Apple IP infringement policy leaves developer in no-mans land

An iOS developer has taken to the web to criticise the way Apple handles copyright infringement claims, stating his app has been wrongly pulled from the App Store despite continuous communication with the Cupertino giant.

Dean Herbert, who created the now absent osu!stream for iOS, states that another iOS developer falsely claimed his assets had been used within the game without permission.

Having originally been contacted by Apple back in December 2012 regarding the complaint, Herbert reports on his blog that attempts to communicate with Apple proved fruitless, calling into question the manner in which the firm deals with copyright issues.

A question of permission

The complaint against osu!stream was made by Alek Nilsen, who claimed that the game included a 'spinner circle' graphic he'd made from scratch.

However, Herbert states that the original version of the graphic had actually been based on designs created for osu! PC by a designer named Xiao, and that he had permission to use them in play.

What's more, Herbert claims the original graphic by Nilsen isn't even original, but rather a compilation of "skins using other skinners' graphics – often without their permission".

Despite explaining this repeatedly to Apple – and engaging with Nilsen himself – no resolution could be found. Indeed, it appears Apple was unable to get to grips with Herbert's line of defense in the first place.

Deaf ears

"During this time, the complainant – obviously unhappy with Apple doing nothing to inflict harm on me – took to spamming my blog and email accounts, launching denial-of-service attacks on osu! and other malicious behaviour," detailed Herbert.

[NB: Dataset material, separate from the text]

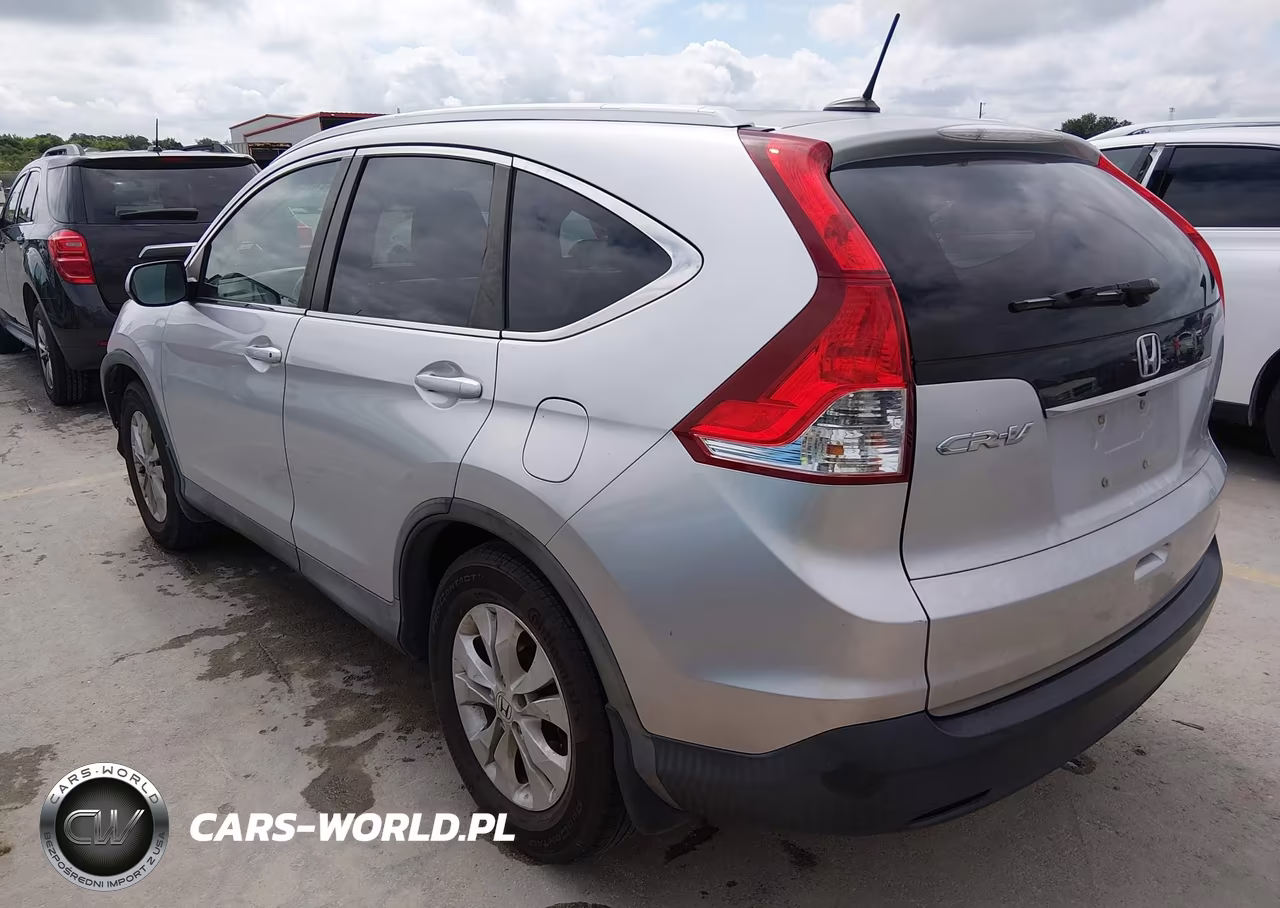 2014 Honda Cr-V Ex-L VIN:2HKRM3H73EH515826 - 3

"This was a significant time sink, but as per my usual strategy I blocked and ignored this as much as possible. I also avoided making any further direct contact with the complainant."

Herbert received another email from Apple on 4 January 2013, informing him that the firm would be removing his game from the App Store because the dispute "could not be amicably resolved between the parties".

In the post, Herbert claims to have "replied several times to AppStoreNotices via email, giving a full history and evidence of the fraudulent nature of the claim" and "contacted Apple Developer Support via phone multiple times" who told him they can "only contact AppStoreNotices by email via the same process I take, and therefore would not be of any help."

"I read through all the documents available on Apple's site but none mention the full process for IP infringements," concludes Herbert.

"I will try my best to get things straight again, and hopefully have a few updates to the app itself which will make up for lost time."

[source: PPY]


What do you call someone who has an unhealthy obsession with video games and Sean Bean? That'd be a 'Chris Kerr'. Chris is one of those deluded souls who actually believes that one day Sean Bean will survive a movie. Poor guy.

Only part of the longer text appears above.